27

64 14 107
                                    

Ölümü huzurla kabullenmişti. Aniden gelmediği için, ona yeterli zamanı verdiği için ve canını yakmadan yanaştığı için. Minik Ender'in kalbini daha fazla kırmadan durumla baş etmesine yardımcı olacak zamanı tanıdığı için.

Öldüğünde gülümsüyordu. İhtiyar yanı başında, Ender'in minik bedeni kendi bedeninin üstünde, kollarının yettiği kadarıyla sarıp sarmalıyor; sanki bırakmazsa ölüm onu alamazmış gibi sımsıkı tutunuyor. Saçlarını okşarken "Korkma tomurcuğum," diyor güçsüz sesiyle. "En sevdiğim çiçek zambak, yeniden doğumu simgeler," diyor.

"Tıpkı ismin gibi," diye karşılık veriyor minik Ender başını yüzünü görebilecek kadar kaldırarak.

O akşam, gün batımında İhtiyar'ın karısı ölüyor ve üzerine Lilyum B. 18XX-18XX D'nin karısı ve E'nin annesi, en sevdiği çiçek zambak, bir gün yeniden doğacak yazılı mezar taşının altına gömülüyor.

Sonrasını biliyorsunuz zaten, Ender kendince hayatla barışık bir genç adama büyüyor ve İhtiyar hayatı çoktan kabullenmiş. Lilyum olmadan hayatlarına devam etmeleri birkaç yıllarını alıyor ama sonunda başarıyorlar, bir şekilde.

Ne de olsa bahçeye baktıkları her seferinde o da orada. Bunu biliyorlar.

Bilmedikleri şey ise, gerçekten orada oluşuydu.

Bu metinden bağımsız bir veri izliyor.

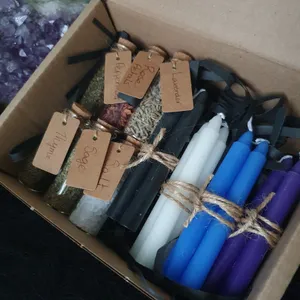 Supply kit containing spell candles, in hand wrapped bundles of 3, and 6 ingredient jars with handmade labels. Candle bundles include black, white, blue and purple. Ingredients contain a jar each of rosemary, thyme, salt, rose petals, peppermint and sage.
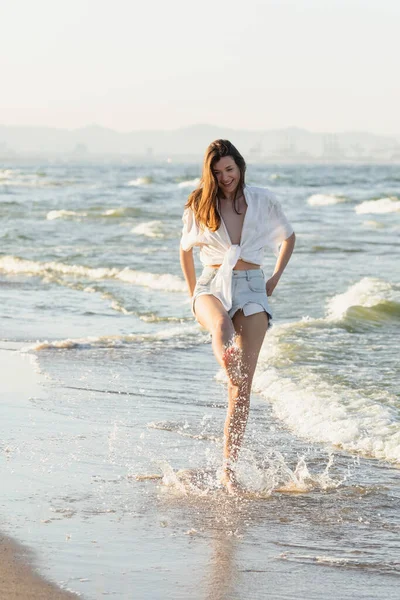 Mujer positiva en camisa blanca arrojando agua al mar - foto de stock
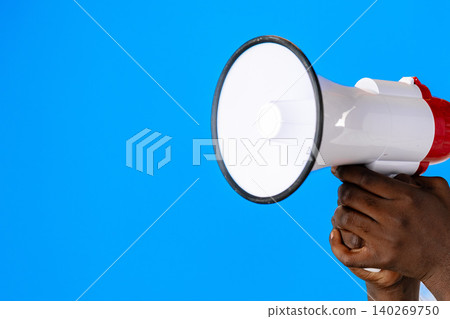 Holding a megaphone against a blue background for a public announcement activity 140269750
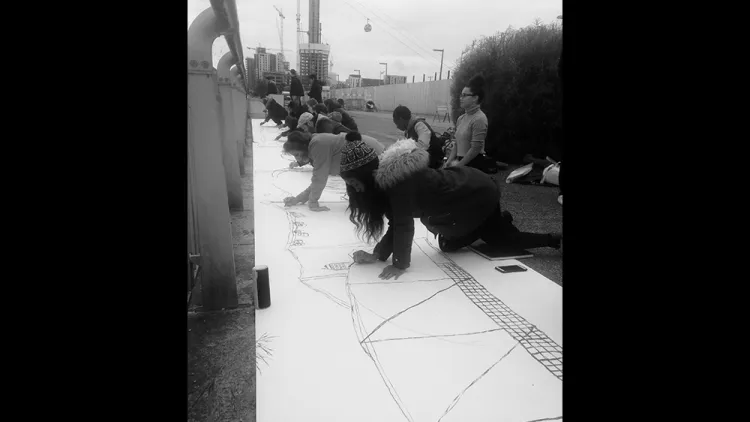 Students working on a drawing on the floor by the river thames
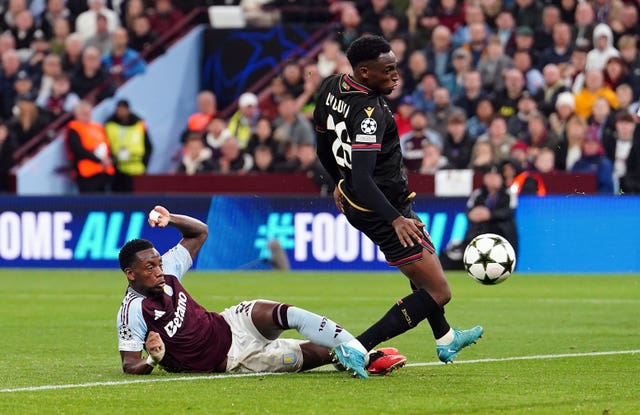 Jhon Duran, on the floor, steers in Villa's second goal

Ne kadar süre sonra olduğunu hatırlamıyor, yine de uzunca bir vakit olduğunu söyleyebilecek kadar emin. Gözlerini açtığında hatırladığı son şey yatağında oluşuydu, Ender ve İhtiyar ile beraber; huzurlu olduğunu anımsadığı bir an. Fakat o an bulunduğu yer yatağı olamayacak kadar sertti ve etrafında algılayamadığı bir koku vardı. Omuzlarına iki yandan çarpan sertlik hareket etmesini engelliyordu. Karanlıktaydı.

Panik usulca geldi ve ansızın saldırdı. Ellerini kendisine çekmek isterken tepesindeki engele çarptı. Sıkışmıştı. Nerede sıkıştığını isimlendiremiyordu, aklına gelen tek bir fikir vardı ama onu da ittirip duruyordu çünkü mantıklı değildi. Olağan da değildi, imkânsızdı ve anlamsızdı.

Birilerine seslenmeye çalıştı ama uzun zamandır konuşmamış gibi, boğazındaki işlevler paslanmış gibi bozuk birkaç sesten başka bir şeye ulaşamadı; kelimeler dilinde şekillenmiyordu. Elini kendine çekerek üstündeki engele vurmaya başladı; vurdu vurdu vurdu. Sesini geri almaya çalışıyor, her denemesinde biraz daha kendine geliyordu. Hey diyebildi önce, ardından merhabaya döndü kelimeler ve İhtiyar oldu, Ender oldu. Ağlıyormuş gibi hissediyordu fakat gözlerinde hissettiği hiçbir ıslaklık yoktu.

Gözlerinin karanlığa alışması birkaç gün sürdü. Tabutta olduğunu gördüğünde, kabullenmesi gerektiğini anlaması da bir o kadar. Sonrasında gelen mantığını değiştirme çabası ve sorularını erteleyerek oradan çıkmaya odaklanan görev bilinciyle sakinliğine kavuştuğunda aradan ne kadar geçmişti o bilmiyordu belki ama birkaç ay daha olduğunu söyleyebiliriz. Ender birden boy attığı bir yaşa girmişti bile.

Tabuttan çıkması gurup vaktine denk gelmişti, bunun tamamen şansı olduğunu o an bilmiyordu fakat daha sonrasında öğrenecekti. Tahtaları ittirdikçe içeriye dolan havanın serinliğini hissedebiliyor, ıslak toprak kokusu alıyordu. Tüm gün yağmur yağmıştı ve yumuşayan toprak işini kolaylaştırıyordu.

Dışarı çıktığında boğuluyormuşçasına soluklanıyordu. Henüz oksijene ihtiyacı olmadığını algılayamamıştı. Bir mezardan çıktım diyordu zihni ama ölü olduğunu kendisine itiraf etmiyordu. Mantıklı değildi.

Düşe kalka ayağa kalktı, çukurdan çıktı; üstü çamurlaşmış toprakla kaplanmıştı bile, saçlarına kıyasla elleri en temiz noktasıydı.